Longing for Surprises - Revolutionary Road

Simon Smart


English band ‘Radiohead’s’ song from 1997, No Surprises, describes a modern existence of quiet desperation:  

  A heart that's full up like a landfill
A job that slowly kills you
Bruises that won't heal
 

The song explores a life that takes place in ‘a pretty house’ with a ‘pretty garden’ but, as the chorus repeats with haunting, escalating angst, there are ‘no alarms and no surprises.’ At its dramatic conclusion, the song descends into chaotic, discordant noise containing the desperate refrain ‘let me out of here.’ It’s a portrait that neatly reflects the shape of Revolutionary Road the film adaptation of Richard Yates’ novel from 1961, starring Kate Winslet and Leonardo DiCaprio.

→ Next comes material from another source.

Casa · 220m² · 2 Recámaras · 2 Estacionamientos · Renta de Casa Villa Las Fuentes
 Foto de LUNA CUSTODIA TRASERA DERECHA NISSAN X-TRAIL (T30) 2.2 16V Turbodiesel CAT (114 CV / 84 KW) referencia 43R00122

Winslet has already been acclaimed for her performance, and rightly so, but DiCaprio is at least her equal in depicting with raw and jolting honesty this modern tragedy of a relationship being wrenched apart.

Set in Connecticut in the 1950s Revolutionary Road delivers a story of life in the suburbs for middle class America, where grey-suited male commuters pour into trains to travel to the city for uninspiring and repetitive work, leaving their stay-at-home and increasingly desperate wives to tend to domestic duties. For director Sam Mendes (married to Winslet) this is familiar territory after his highly successful American Beauty explored the thin veneer of respectability overlaying the anomie of suburban existence in 1990s Middle America.
 
     

Our early encounter with Frank and April Wheeler is by way of flashback to a couple enthralled by each other’s uniqueness and creative spirit. Together they feel special.  ‘I think you are the most interesting person I’ve ever met,’ she tells him. They plan a life of adventure, travel, and varied experience. ‘I want to feel things, really feel them?’ says Frank. After marrying they settle into life in suburbs determined to be different to those around them, but soon find themselves sucked into a vortex of responsibility and crippling, suffocating routine.

Mendes evokes the 1950s atmosphere skilfully—the formal dress, daytime martinis and endless smoking combined with décor that these days is retro cool, but in this context is relentlessly plain. Post-war optimism and burgeoning technology deliver the hopes and disappointments of modern consumerism.

There are echoes here of Betty Friedan’s Feminine Mystique and the now classic image of a 1950s housewife isolated, bored and diminished, turning to increasingly damaging ways of breaking the monotony. Surrounding the Wheelers are couples who lead bland lives in a monoculture of stifling conformity. It is only petty gossip that adds any spice to an otherwise humdrum existence. ‘Look at us,’ cries an ever-more agitated April. ‘We’re just like everyone else … We’ve bought into the same ridiculous delusion … that you have to resign from life.’ A scene depicting the couple walking silently down a long, sterile corridor serves as a telling symbol of where they are headed.

It’s a longing to re-capture the sense of vitality—of being fully awake, that sparks a dream for April that they sell the house, Frank quit his job and move the family to Paris. ‘People are alive there, not like here’ Frank had once told her.’ As the idea germinates in her head she seeks to make it reality with hurried determination. Frank takes some convincing but once on board, life takes on a different hue for both of them. It is at this point in the story when the dream is alive that they are at their best together—animated, excited and in love again.
 
  There is an aching sadness that comes from the knowledge that they still love each other
 

Of course ‘Paris’ is a metaphor here. It could have been anywhere that provided escape, risk, and freedom. For a time it looked like the romantic journey might become reality. But circumstances conspire against them. Reality strikes a blow. April begins to implode.